Jaguar Land Rover acts to close skills gap

JAGUAR Land Rover is to expand its pioneering new education programme, aimed at boosting the skills of engineers working within the automotive supply chain and other hi-tech industries.
 
The Advanced Skills Accreditation Scheme (ASAS) was formally launched by Business Secretary Vince Cable at the company’s product development centre in Gaydon, Warwickshire.  
 
JLR is bidding to recruit thousands of skilled workers in order to meet demand for its vehicles. It has recently recruited a further 2,000 staff to work at its Solihull and Halewood plants and up to 1,000 more are expected when it opens its new engine plant in Wolverhampton in 2014.

However, with the expansion planned by the company over the next decade it is thought many more skilled workers will be needed and it is keen to ensure there is no skills gap by training up current graduates now.

The new sector-wide skills programme, led by Semta the sector skills council for Science, Engineering and Manufacturing Technologies, is supported through the Government’s Growth and Innovation Fund.  Through the UK Commission for Employment and Skills, £1m is being injected to enable the expansion of the scheme beyond JLR to boost the UK’s high-level engineering skills.     
 
The ASAS education scheme is based on a programme developed by JLR in partnership with leading English universities, including: Warwick, Loughborough, Cranfield, York, Coventry, Southampton and Bradford. It offers engineers the chance to develop the green and future engineering skills which will be needed to create world-leading new products and technologies over the next decades.
 
Mr Cable said: “This is the sort of innovative idea that will help address the crippling shortage of trained engineers in the UK. It’s fantastic that JLR sees benefit not just of making itself competitive but also collaborating across the sector to help make British advanced manufacturing increasingly competitive”
 
Mike Wright, JLR’s Executive Director, said: “JLR has already begun the largest advanced engineering skills programme in the UK, to help us to deliver our low carbon vehicles of the future. We are planning for more than half of our 6,000 engineers to take part in the programme.

“If UK companies are going to be able to compete successfully in the future, we need to raise the skill levels throughout the supply chain and UK manufacturing as a whole.”

Lynn Tomkins, Semta’s UK director of operations, said the programme would transform higher education opportunities for all employers, particularly SMEs.

“It’s exactly what is needed and it is fantastic that they have worked with us to broaden the benefits to more employers.
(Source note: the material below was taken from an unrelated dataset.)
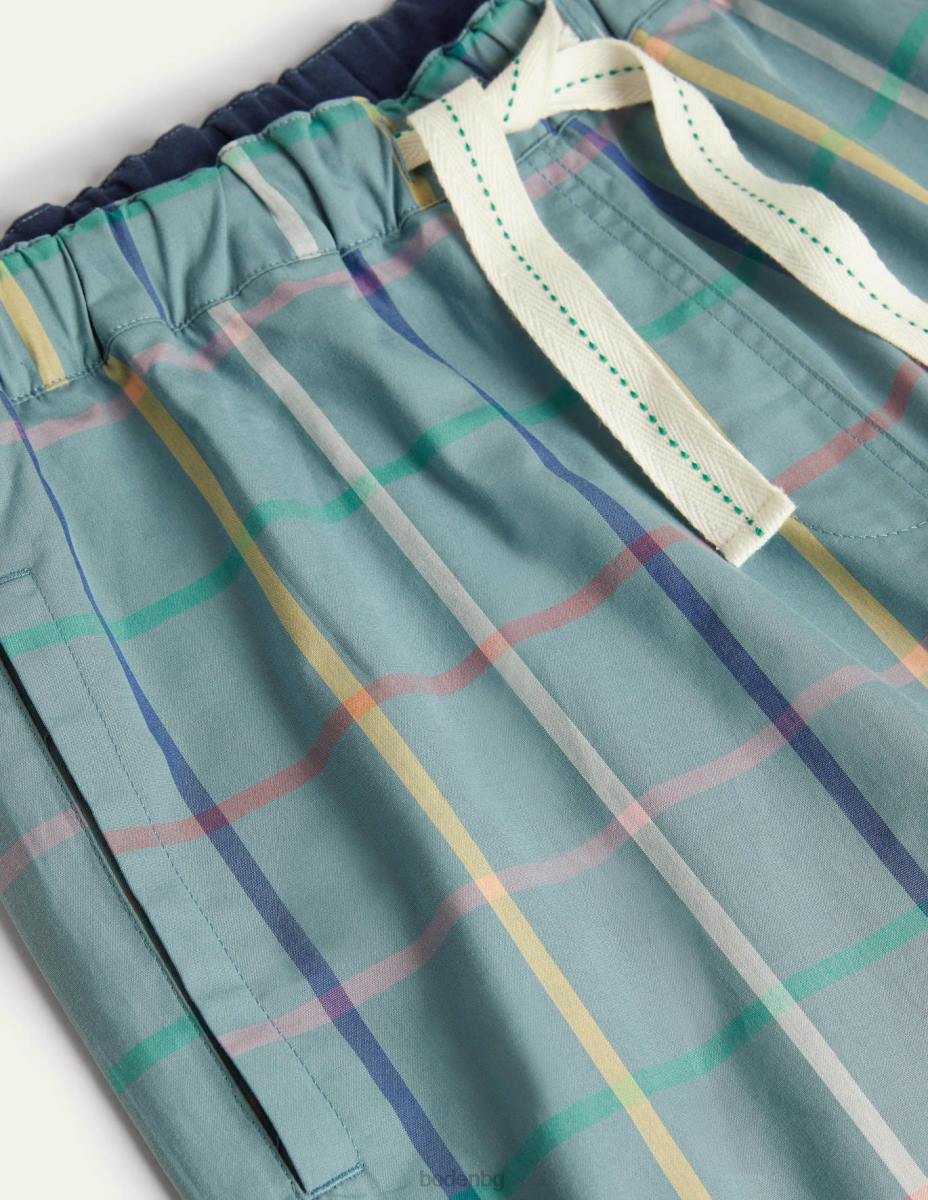 облекло Boden долнище на пижама от памучен поплин storm blue tattershall мъже LL683590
Lack of high level skills is one of the barriers to economic growth and this significant investment will go some way to addressing the issue,” she said.

The new scheme is expected to involve engineers from more than 2,000 companies in England taking 5,000 Master’s degree module places over the next two years.
 
Bob Joyce, JLR’s Engineering Director, said: “JLR originally developed the scheme to raise the skill levels among our employees, and over a two-year period more than 1,000 engineers have been through the programme.
 
“The next generation of green, high performance products demand very different concepts and technologies, and our engineers need to be equipped to deliver those innovations.
 
“The Advanced Skills Accreditation Scheme offers supply chain companies access to Master’s level education tailored to their business needs, from a network of the best universities.”